Dr. Szasz, psychiatrist who led the anti-psychiatry movement, dies

Thomas Szasz, who is considered the father of anti-psychiatry, died at the age of 92 at his home in Manlius, New York. Szasz was a psychiatrist whose 1961 book, “The Myth of Mental Illness,” questioned the legitimacy of his field and provided the intellectual foundation for generations of critics, patient advocates, and anti-psychiatry activists, making enemies of many of his fellow doctors.

He died after a fall, said his daughter Dr. Margot Szasz Peters.

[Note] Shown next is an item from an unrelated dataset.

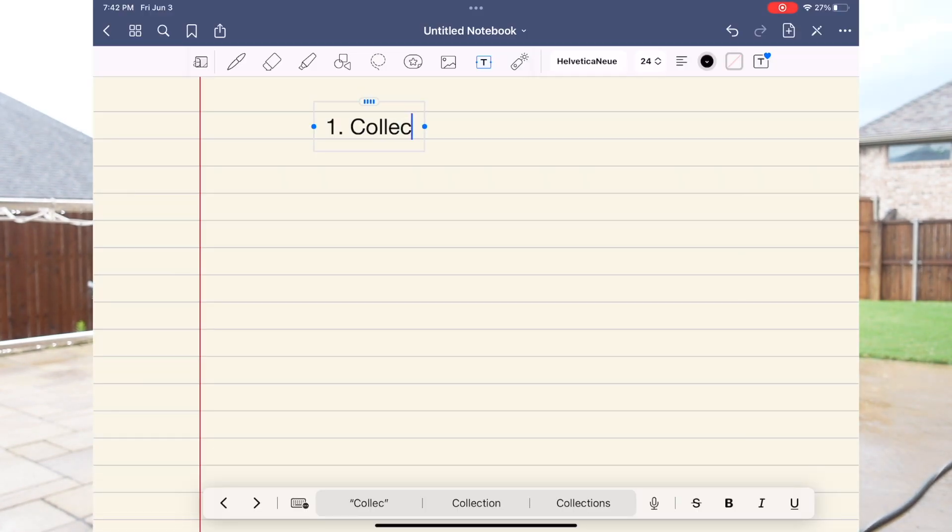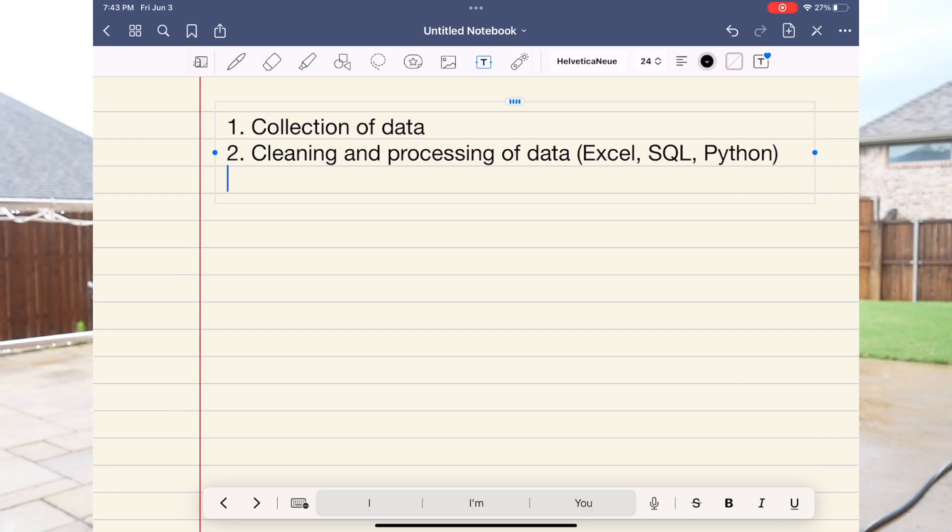The first step is collection of data — you have to have data to even analyze it. However, when you collect data it is usually raw data, not in the format you can actually analyze. So the second step is cleaning and processing of data. For both of these steps, people use a variety of tools — as simple as Microsoft Excel or SQL, or more advanced techniques such as programming in Python, pandas, numpy, and so on.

We thought it would be interesting to bring you a brief summary of who this man was who came to have a lot of influence in the world of mental health, and what he thought regarding psychiatric treatment and mental illnesses.

Criticisms of Psychiatry

Dr. Szasz published his critique at a particularly vulnerable time for psychiatry. With Freudian theories beginning to fall out of favor, the field was trying to become more medically oriented and empirically based. Fresh from Freudian training, Dr. Szasz saw the medical foundation of psychiatry as shaky at best, and his book struck, positioning the discipline “in the company of alchemy and astrology.”

The book became a sensation within mental health circles, as well as a bible for those who felt underserved by the mental health system.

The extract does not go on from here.